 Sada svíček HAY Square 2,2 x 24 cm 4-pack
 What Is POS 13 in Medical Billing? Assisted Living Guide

***

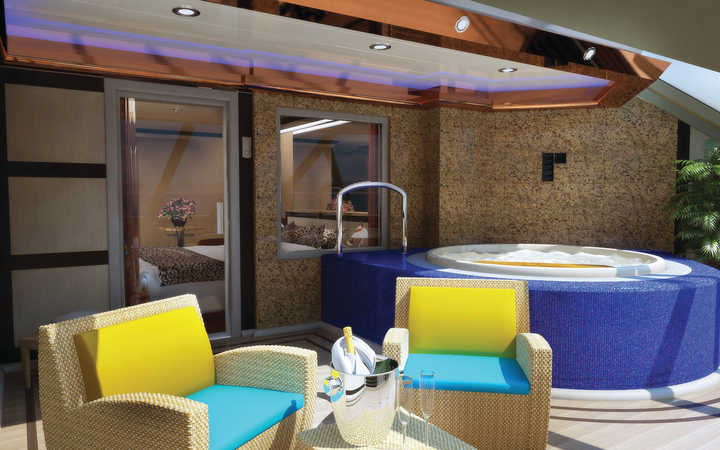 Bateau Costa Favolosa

***

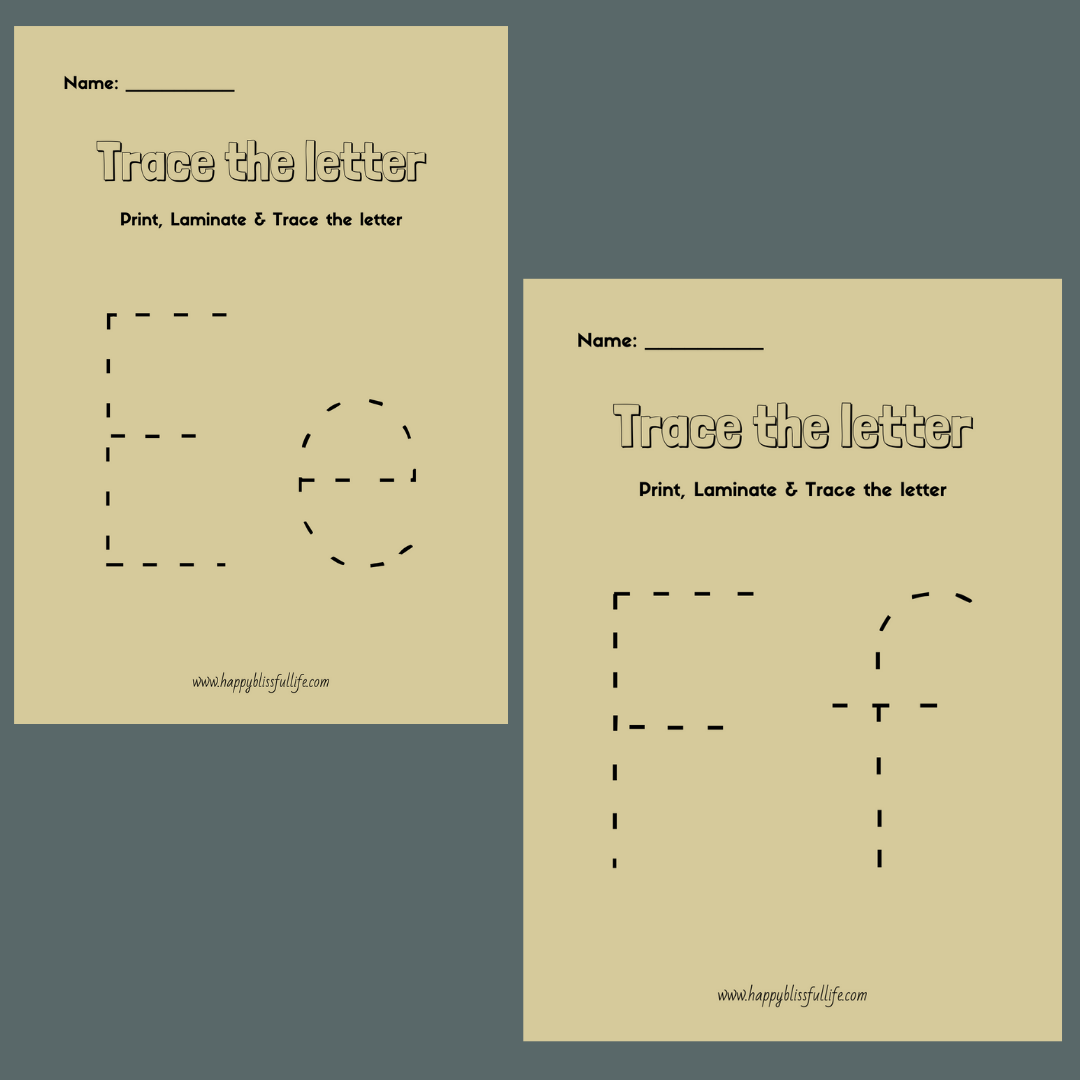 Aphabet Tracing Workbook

***

* YOUR GOAL: Give only the lines from the one holding "Sada svíček HAY Square 2,2 x 24 cm 4-pack" through the one holding "What Is POS", each restated exactly as it appears above.

* WRITTEN RESPONSE:
 Sada svíček HAY Square 2,2 x 24 cm 4-pack
 What Is POS 13 in Medical Billing? Assisted Living Guide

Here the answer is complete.